The second thing I’m sure Disney would have done better is the back of Hogwarts. There is no faulting the castle itself. It has been done extremely well and as a Harry Potter fan, is really great to see. But stand to the left of the castle, or head out of Hogwarts towards Jurassic Park (that’s a sentence I never thought I’d say) and not only can you see both the Jurassic Park sign and Hogwarts, you can also see the huge white boxy building that the castle really is. You can even see it while standing in the queue as it runs through the greenhouse – if you look up it’s just a big white box above you where you should be able to see the castle. I’m sure it must be down to cost, but given how immersive the rest of the area it is, it really ruins the fantasy and lets the area down a little.

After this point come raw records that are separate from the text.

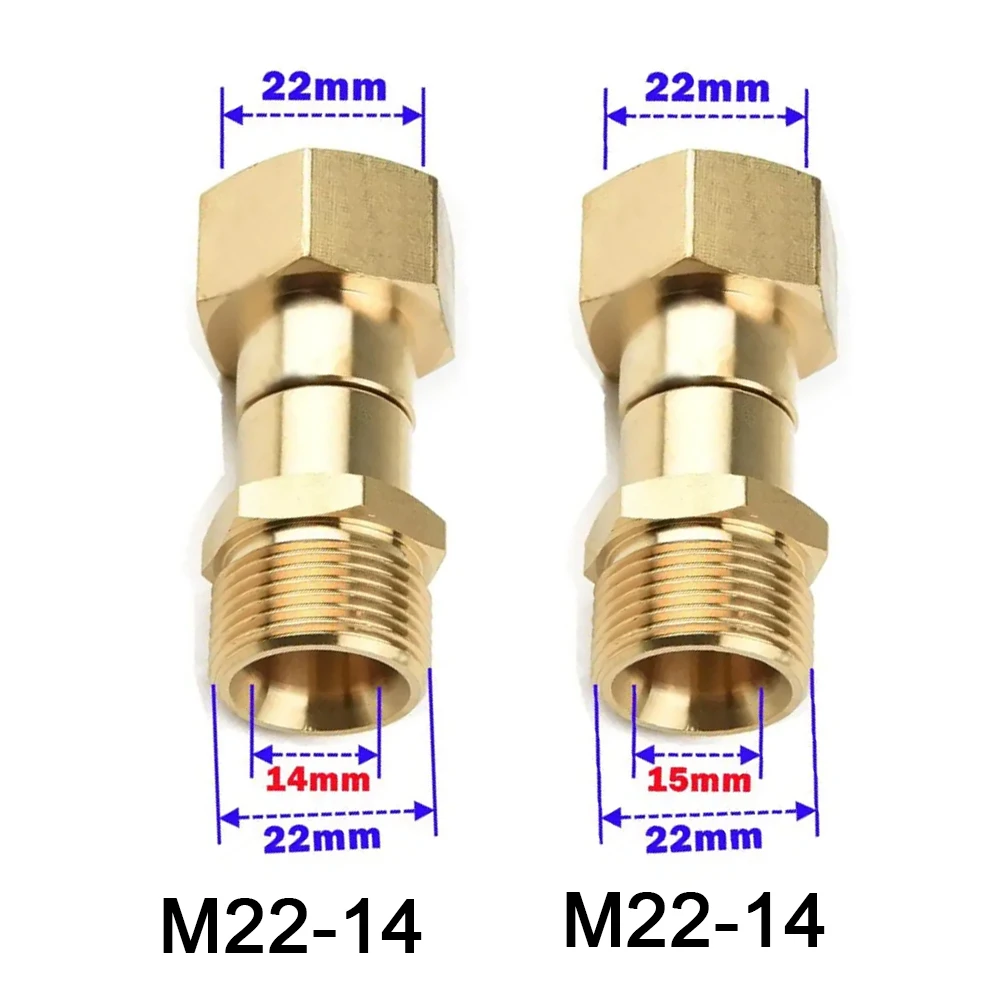 Brass Pressure Washer Swivel Joint M22 14/15mm 360° Anti-Twist Rotating Connector Anti-Kink High Pressure Car Wash Hose Fitting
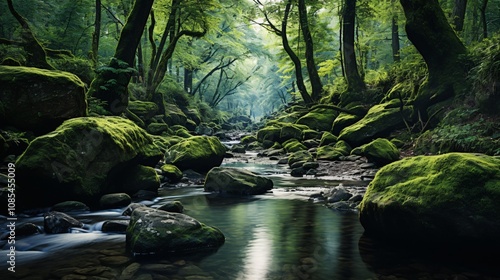 A tranquil forest scene with a stream flowing over mossy rocks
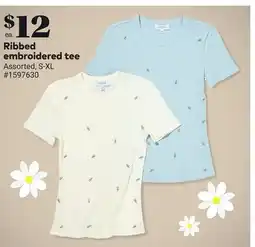 Giant Tiger Ribbed embroidered tee offer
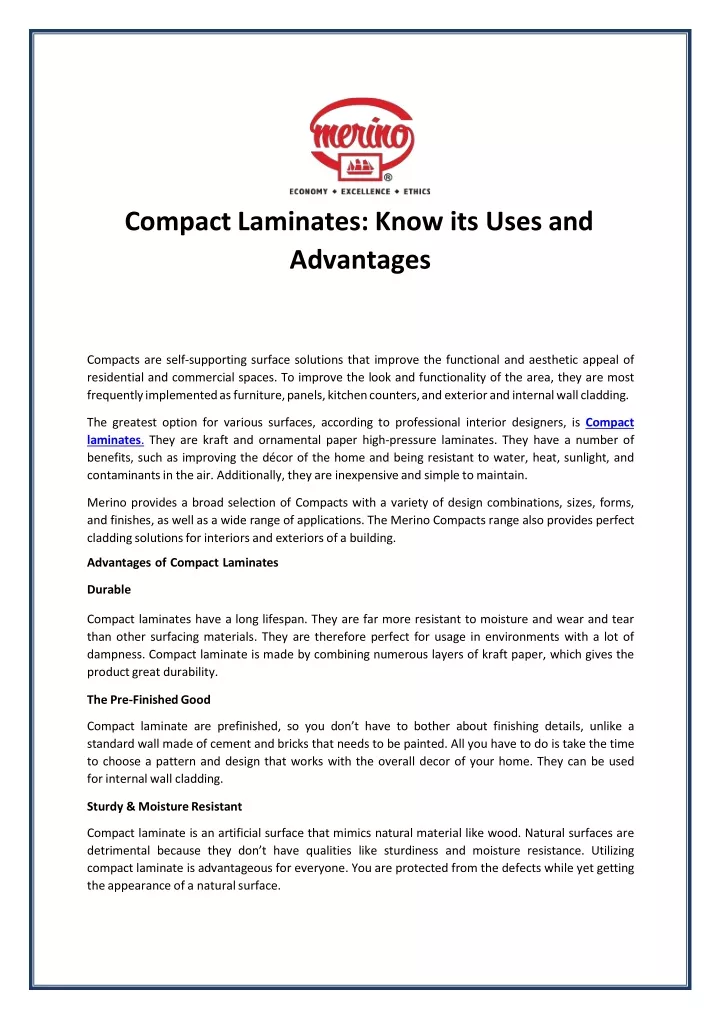 compact laminates know its uses and advantages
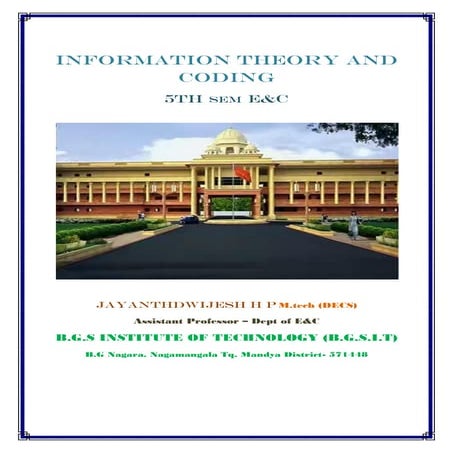 VTU CBCS E&C 5th sem Information theory and coding(15EC54) Module -1notes
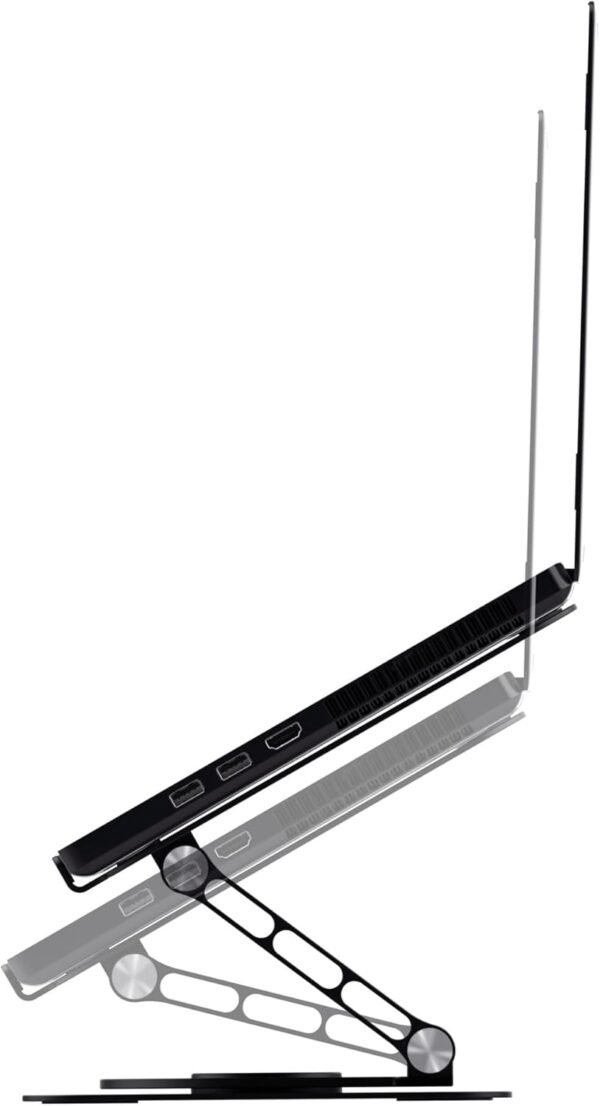 Trust Zeff Support Ordinateur Portable 16 Pouces Ergonomique, Angle de Rotation de 360°, Support PC Portable Pliable en Métal, Hauteur Réglable, Rehausseur PC Portable Dell HP Macbook, Noir – Image 9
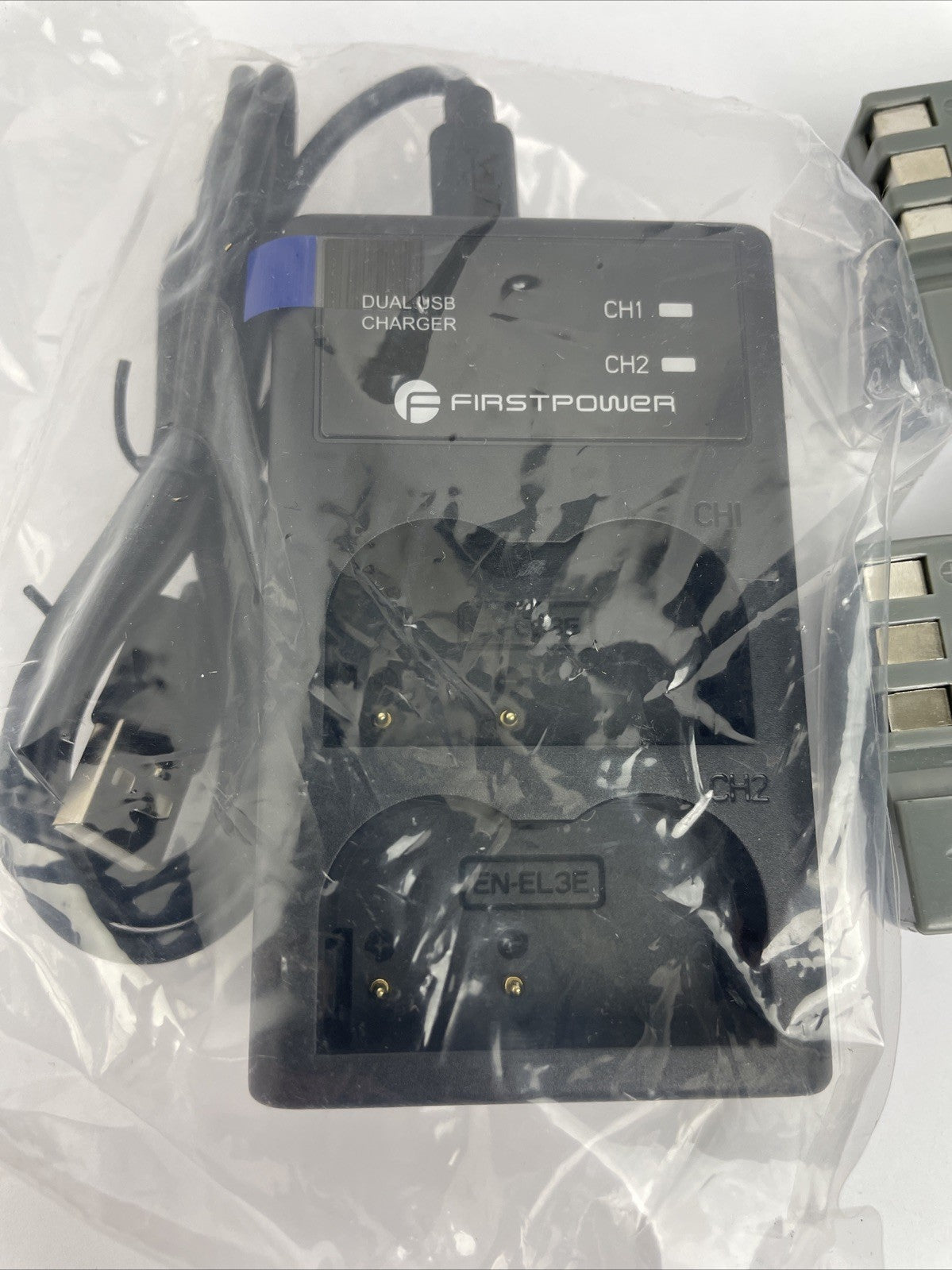 First Power Dual USB Charger ( Model DS-ENEL3 ) With 2 x EN-EL3E Batteries NEW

Having said that, these are minor details in what is an overwhelming success for Universal. The popularity of Harry Potter was always going to mean it would be popular in the short term, but the excellent way they have implemented the look and feel of the films into the park will give it an on-going draw. However, where they have really excelled is with the Forbidden Journey – it is the first time I’ve found anything in any park that I honestly think is better than whatever is similar in Disney World – and in this case there is literally no comparison. Universal have really stepped up their game – now it is Disney’s time to do the same!